Ex-priest who sexually abused Yukon First Nation boys should get 10 years, Crown argues
CBC
WARNING: This article contains details of abuse and may affect those who have experienced sexual violence or know someone affected by it.
The sentencing hearing for an ex-Anglican priest who molested two Yukon First Nations boys in the '80s began Friday, with the Crown arguing the now-77-year-old deserves to spend an additional decade behind bars.
David Norton, who was charged in 2022, was found guilty last week of two counts each of historic sexual assault, sexual assault and sexual interference following a two-day trial that saw both victims testify.
Norton worked in the Yukon, including at the Old Log Church in Whitehorse, between 1983 and 1987. The victims testified he quickly became a guardian and role model-like figure in their lives, teaching them to read and taking them on outings and trips.
They also testified they slept in Norton's bed at the Old Log Church rectory and on occasion, woke up to him groping them or masturbating next to them.
Both victims, now in their 40s, also said that while Norton's actions continue to have an impact on their lives, they'd forgiven him and wished him no harm.

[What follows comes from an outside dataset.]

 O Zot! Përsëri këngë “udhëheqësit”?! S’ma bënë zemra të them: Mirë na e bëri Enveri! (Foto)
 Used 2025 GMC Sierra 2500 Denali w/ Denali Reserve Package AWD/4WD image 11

While Yukon Territorial Court Chief Judge Michael Cozens made findings of guilt on all six charges against Norton, he initially only convicted the ex-priest on the sexual interference charges due to a legal principle on overlapping criminal charges. With the agreement of the Crown and defence on Friday, he changed the convictions to the historic sexual assault charges as the crime of sexual interference didn't exist in Canadian law until 1985.
In sentencing submissions, Crown attorney Noel Sinclair argued Norton deserved a sentence of five to eight years for the first victim and eight to 10 years for the second, noting the victims' ages — the younger was only six when the abuse began — as well as the serial nature of the abuse and the number of incidents each victim remembered.

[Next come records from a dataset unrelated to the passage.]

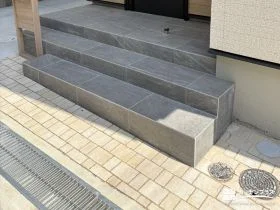 優しい色合いのインターロッキングで仕上げた玄関アプローチ[施工後]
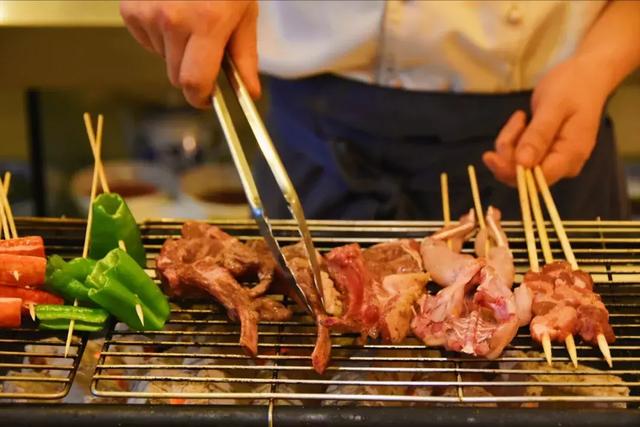 陆家嘴自助餐西班牙铜锅小龙虾，冰镇蒜蓉十三香…6种口味畅吃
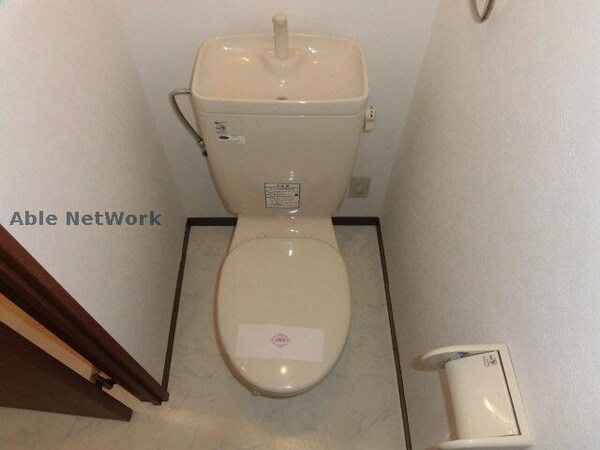 トイレ(※他号室、参考画像)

While that would add up to a total of 13 to 18 years, Sinclair, acknowledging a rule about sentencing an offender on multiple charges, said the Crown was asking for an actual sentence of around 10 years.

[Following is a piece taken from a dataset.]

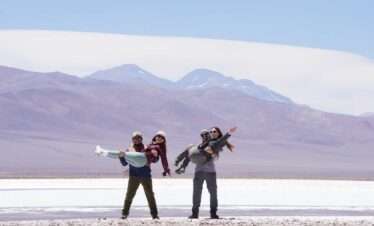 Parejas disfrutando del salar de maricunga en el tour a laguna verde en la region de atacama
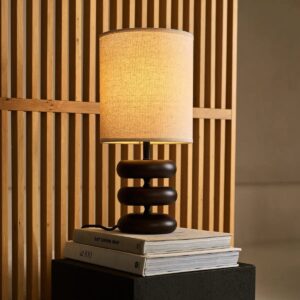 Lara Tischlampe Dunkelbraun von Tavellio – rustikale Holzlampe mit cremefarbenem Lampenschirm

That sentence should be served consecutively to the 13 years Norton's currently serving in Ontario for abusing Indigenous boys there, Sinclair said, arguing that allowing the sentence to be concurrent would deprive the Yukon victims of justice.
Sinclair pointed to what he said were a large number of aggravating factors in the case, including the fact that Norton had committed the "very serious sexual abuse of two separate victims" who viewed him as a "father figure" and while "clothed in the authority and respect of his sacred vestments."
"These crimes were a gross violation of Mr. Norton's trusted relationship with the [victims'] family and the … boys," he argued.
"This man was a wolf in sheep's clothing."
Sinclair noted that Norton had abused the Ontario victims both before and after his time in the Yukon and said that while the abuse hadn't occurred in a residential school, it ran "right along beside it" in terms of the systemic issues at play.